Co najlepsze dla ucznia?

W dyskusji nad kształtem Karty Nauczyciela stawia się pytanie, co byłoby dobre dla ucznia. Karta, jak wiadomo, daje nauczycielom bezpieczeństwo zatrudnienia. Likwidacja Karty ma ułatwić zwalnianie belfrów. Skorzysta na tym niewątpliwie dyrekcja (większa władza nad pracownikami) oraz organ prowadzący szkołę (możliwość zatrudniania tańszego personelu). Czy skorzystają także uczniowie?

Zaobserwowałem, że dzieci wykazują znaczną skłonność do rozwiązywania problemów w relacjach międzyludzkich poprzez zrywanie więzów i nawiązywanie nowych. Jak z przyjacielem jest kłopot, to zmienia się przyjaciela. Zdarza się, że przy pierwszej kłótni dzieci mają ochotę zmienić także swoich rodziców. Pewien rodzic opowiadał, że jego dziecko, a mój uczeń, zaczęło się pakować w środku nocy. Na pytanie, dokąd pójdzie, odpowiedziało, że do wychowawcy. Szkoda, że istnieje Karta Rodzica. Gdyby nie ona, można by zwalniać rodziców pod byle pretekstem, wyprosić ich z domu i wziąć sobie nowych. A tak trzeba się starać dojść do porozumienia ze starymi.
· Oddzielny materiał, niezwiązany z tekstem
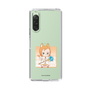 Slim Protection Case［ Re:ZERO -Starting Life in Another World- Tivey Pearlbaton - Mini Character ］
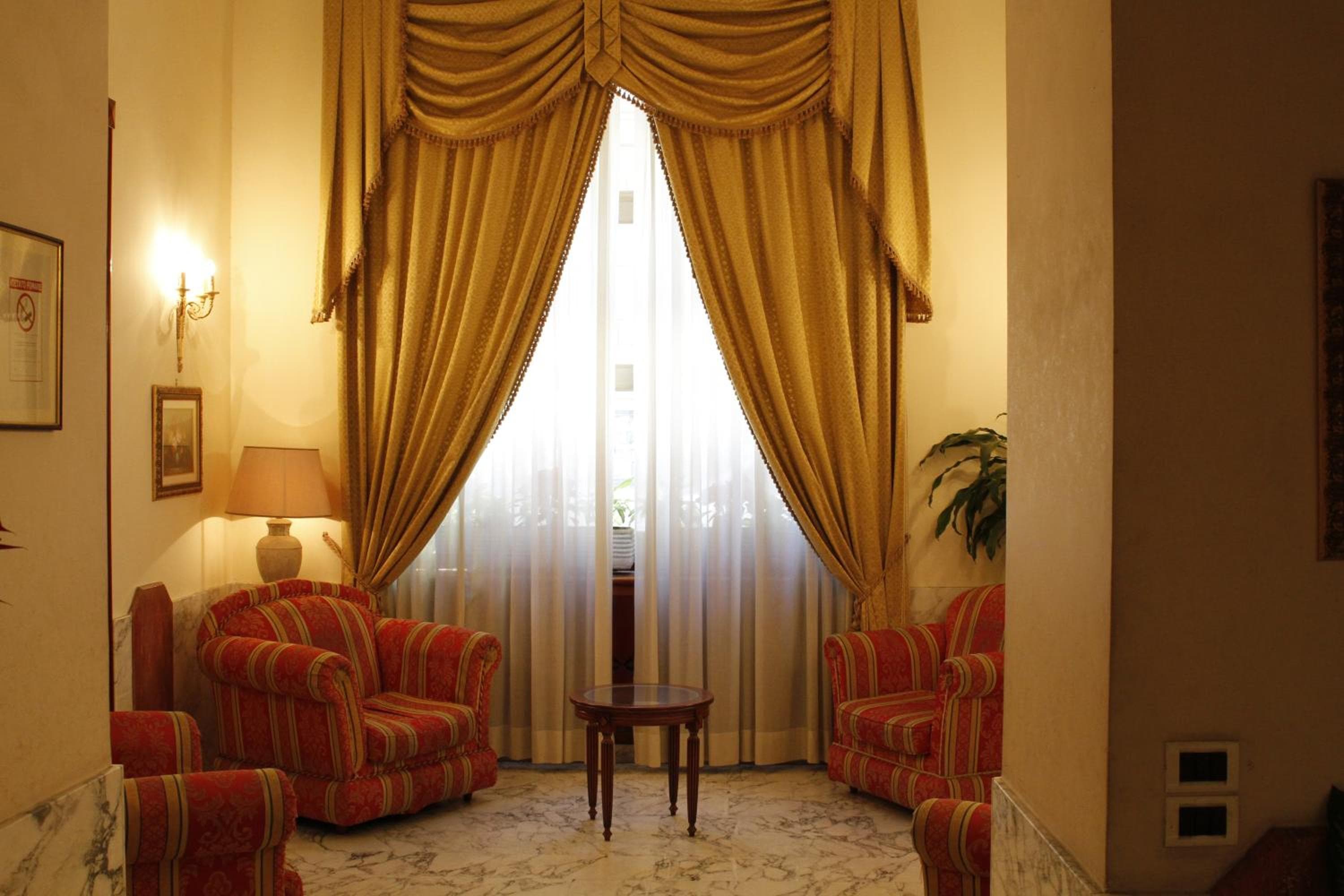 Hotel Pace Helvezia — 13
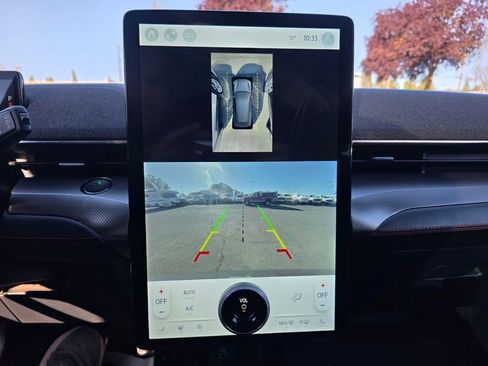 Used 2021 Ford Mustang Mach-E Premium w/ Equipment Group 301A image 14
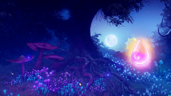 The Moonlit Hunt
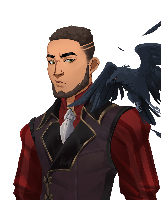 The Brewmaster B. gravatar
Gdy pracowałem w szkole prywatnej, w której nie działała Karta Nauczyciela, uczniowie utożsamiali się z pracodawcą i mówili, chcąc sprawić mi przyjemność: „Nie zwolnimy pana. Napiszemy w ankietach, że może pan tu pracować”. Byłem też świadkiem, jak po źle napisanej klasówce z matematyki mówili, że trzeba zwolnić nauczycielkę tego przedmiotu. Padały słowa w rodzaju: „Trzeba ją zwolnić”. Naprawdę miałem wrażenie, że o moim losie decydują wyłącznie uczniowie. Nauczyciele w pewnym stopniu trochę bardziej się starali niż tam, gdzie działa Karta Nauczyciela, jednak to wcale nie przynosiło korzyści młodym ludziom. Miałem wręcz wrażenie, że uczniom poprzewracało się w głowach.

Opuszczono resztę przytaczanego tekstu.